Additionally, the Wolfenson brothers’ defense sustains that video number 1792 is inaudible, as the majority of its content cannot be understood. Only at the end can some words about the continuity of the Fujimori administration be heard; but at no time is there any reference to the Wolfensons or the newspaper, “El Chino”.
Nevertheless, the preceding arguments were part of the judgment. Without any additional proof other than the two witnesses who changed their story as well as the testimony of Matilde Pinchi Pinchi, Montesino’s mistress and former assistant, and without taking into account the impeccable audit previously taken by the anti corruption police as well as the objections of leaders of all opposition parties (Apra, National Unity, Popular Christian Party and independents) the Magistrates of the Criminal Courts, Section “A” in Lima’s Superior Courts, presided by Ines Villa Bonilla, on January 25, 2005 condemned the Wolfenson brothers to a 5 year sentence in what can be considered as the first punitive action against free press in Peru.

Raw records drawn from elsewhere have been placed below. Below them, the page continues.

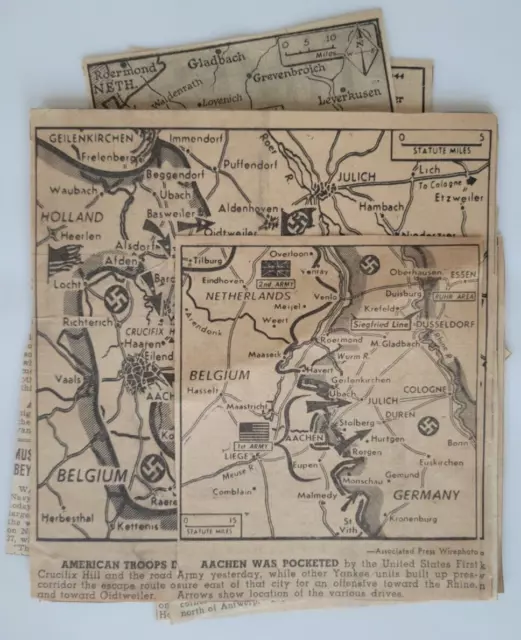 WWII Allied Fighting In/Around Aachen Germany US Newspaper Maps 10 Clips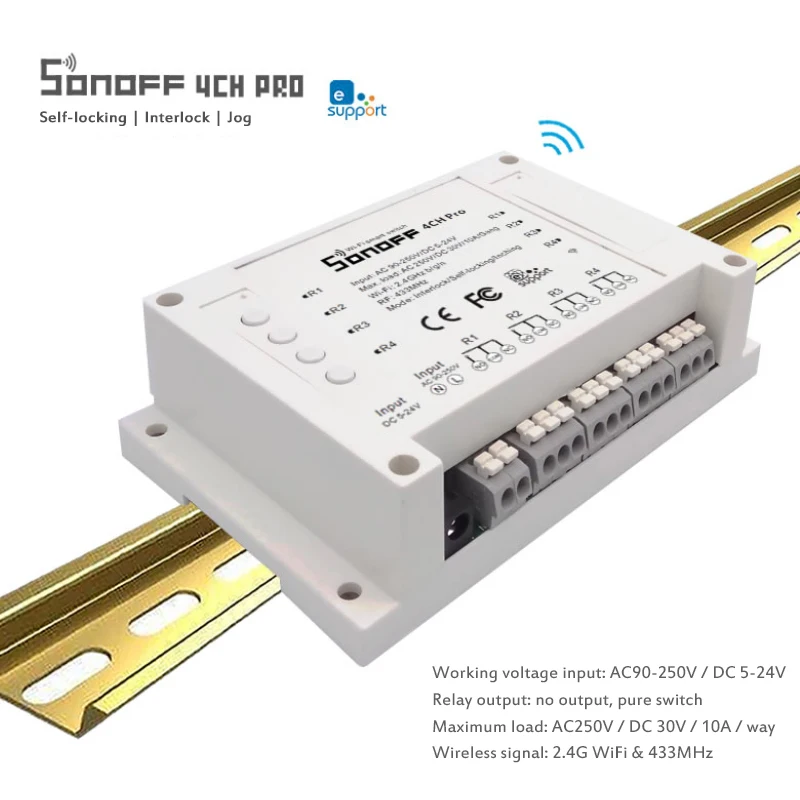 SONOFF 4CH PRO R3 беспроводной пульт дистанционного управления Sonoff 4 канала WIFI умный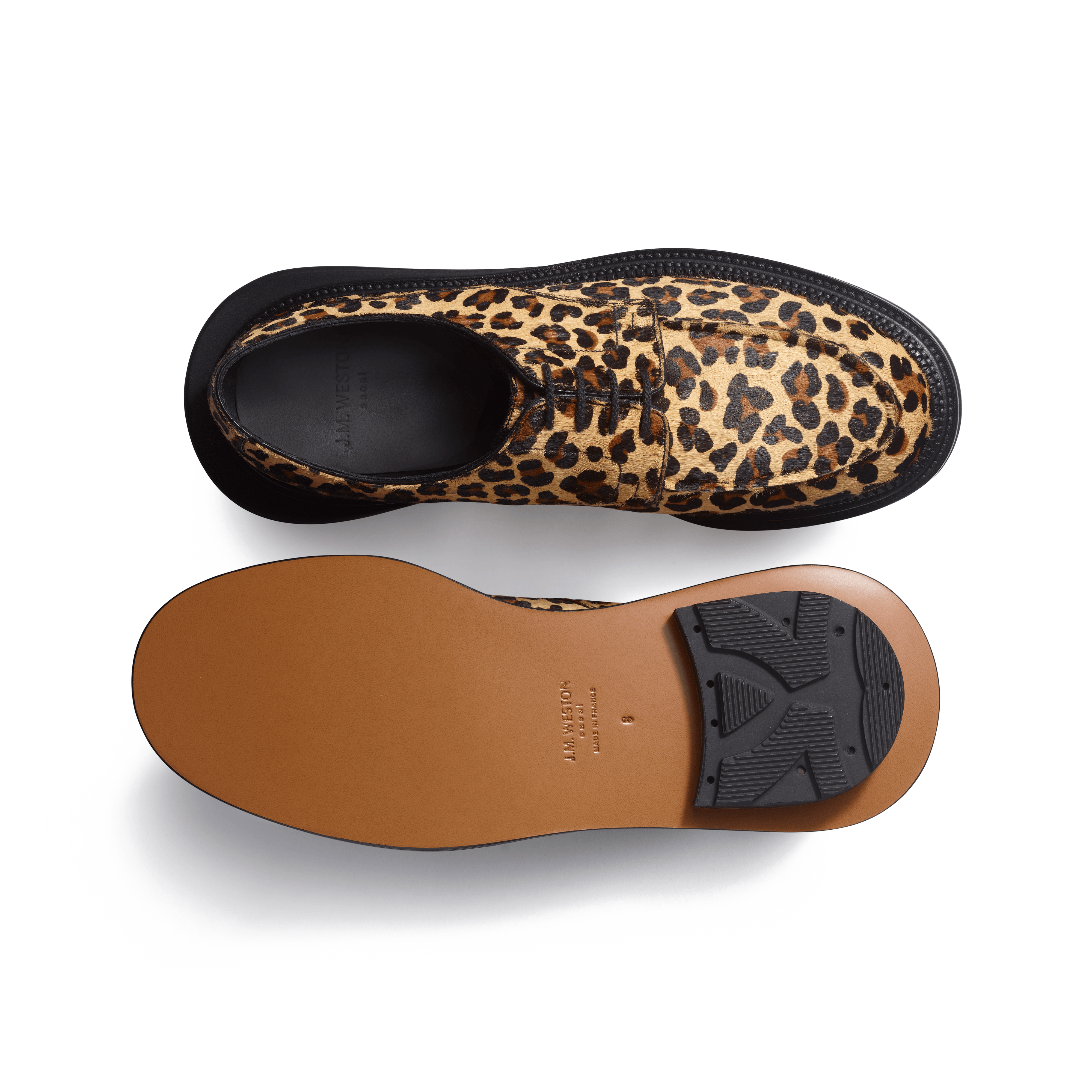 Derby Golf J.M. WESTON x sacai [Calfskin with Leopard pattern Derby Golf J.M. WESTON x sacai [Calfskin with Leopard pattern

It is also strange that the Wolfenson brothers are the only owners of an opposition newspaper that have been sentenced to jail.
In light of this act of mere political vengeance the Wolfenson’s defense has presented an appeal to the Peruvian Supreme Court to vacate the sentence based on procedural violations.
Add to the previous the political persecution initiated by the government through the different courts of justice against the Director of the La Razon newspaper, Mr. Uri Ben Shmuel, as well as against the main shareholder of the organization, who has not even been living in Peru for the last 23 years. It so happens that both are Jewish. . The proceeding is based on a defamation indictment against the newspaper and the aforementioned persons for information published by all of the Peruvian newspapers. No other newspaper or their owners, or directors, however, have been indicted. The Wolfenson defense has also appealed this case in the Peruvian courts.
That will be the second round of a proceeding that is more than emblematic, in which some observers find traces not only of political persecution but also, last but not least, a certain unpleasant air of antisemitism. Certainly another point in common with Kafka, as he was Jewish like Moises and Alex Wolfenson.